= Joana Lopes =

Portuguese systems engineer and anti-fascist (1938–2026)

Joana Lopes Alves (11 October 1938 – 5 February 2026) was a Portuguese systems engineer and anti-fascist.

== Life and career ==
Maria Joana de Menezes Lopes was born on 11 October 1938 in Lourenço Marques (now Maputo) in Mozambique, attending high school in Portugal.

She was a professor of logic and other subjects in the philosophy department at the Faculty of Arts of the University of Lisbon from 1965 to 1971. Later, she became a computer programmer, working as a systems engineer for IBM in Portugal and Belgium.

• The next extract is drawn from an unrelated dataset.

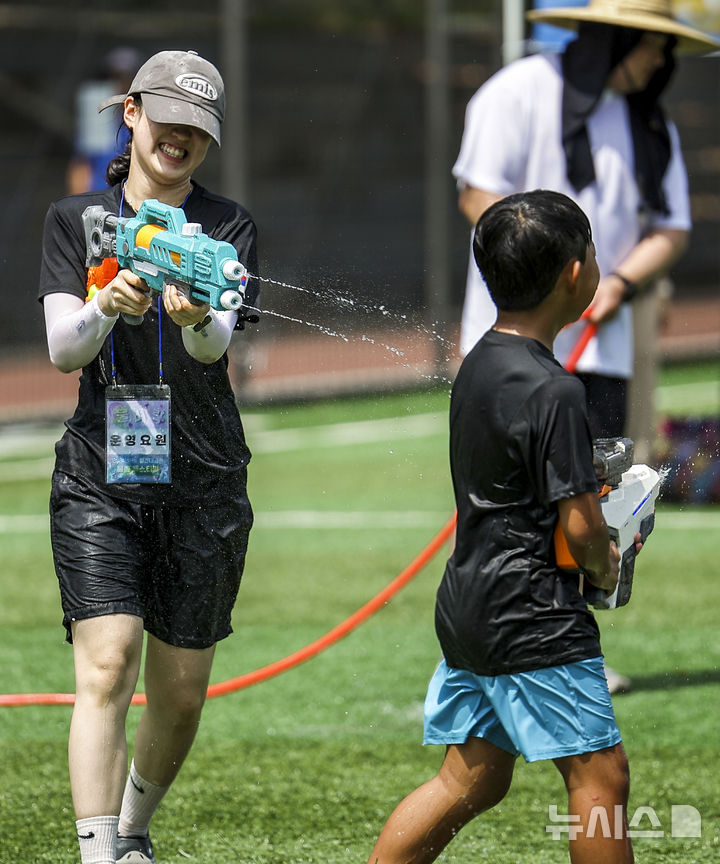 [서울=뉴시스] 정병혁 기자 = 17일 서울 광진구 서울어린이대공원에서 열린 물벼락 물총 페스티벌에서 어린이들이 즐거운 시간을 보내고 있다. 2024.08.17. jhope@newsis.com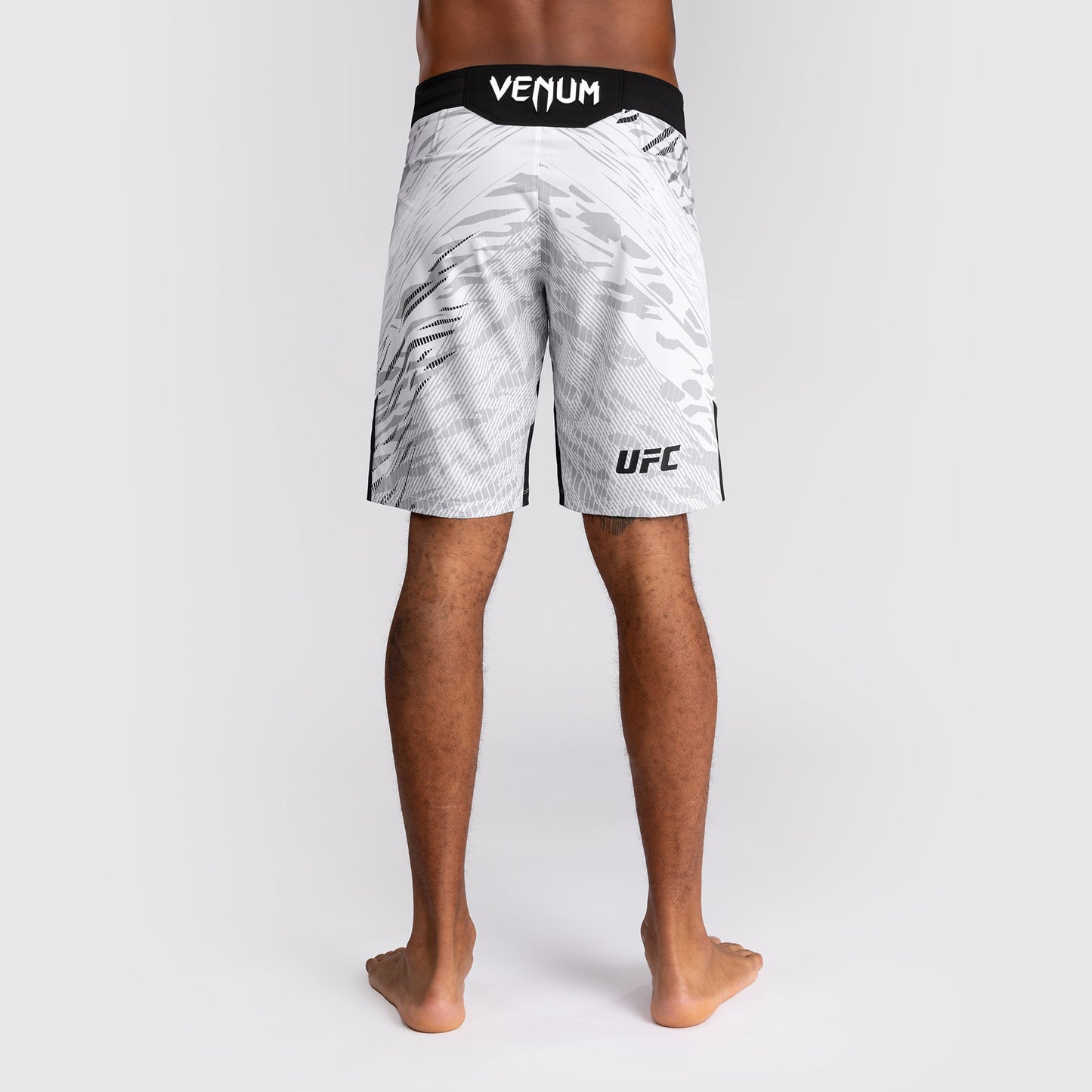 UFC Fusion by Venum Personalized Authentic Fight Night Fight Shorts voor Heren - Lang Fit - Wit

She was the first woman to join the executive board of the company in Portugal.

In Leuven, through the process of independence of the Democratic Republic of the Congo (formerly Belgian Congo) she had her first contact with anti-colonial political activity, with MPLA leaders who lived in Paris.

In 1964, she was one of the founding members of the Pragma Cooperative that PIDE closed in 1967. In 1968, she was part of what is considered the first collective affirmation of Catholics against the colonial war, on the last day of the year, in which 150 people gathered all night in the Church of São Domingos.

She was also director of the National Center of Culture, with José Manuel Galvão Teles in 1969.

Lopes died in Lisbon on 5 February 2026, at the age of 87.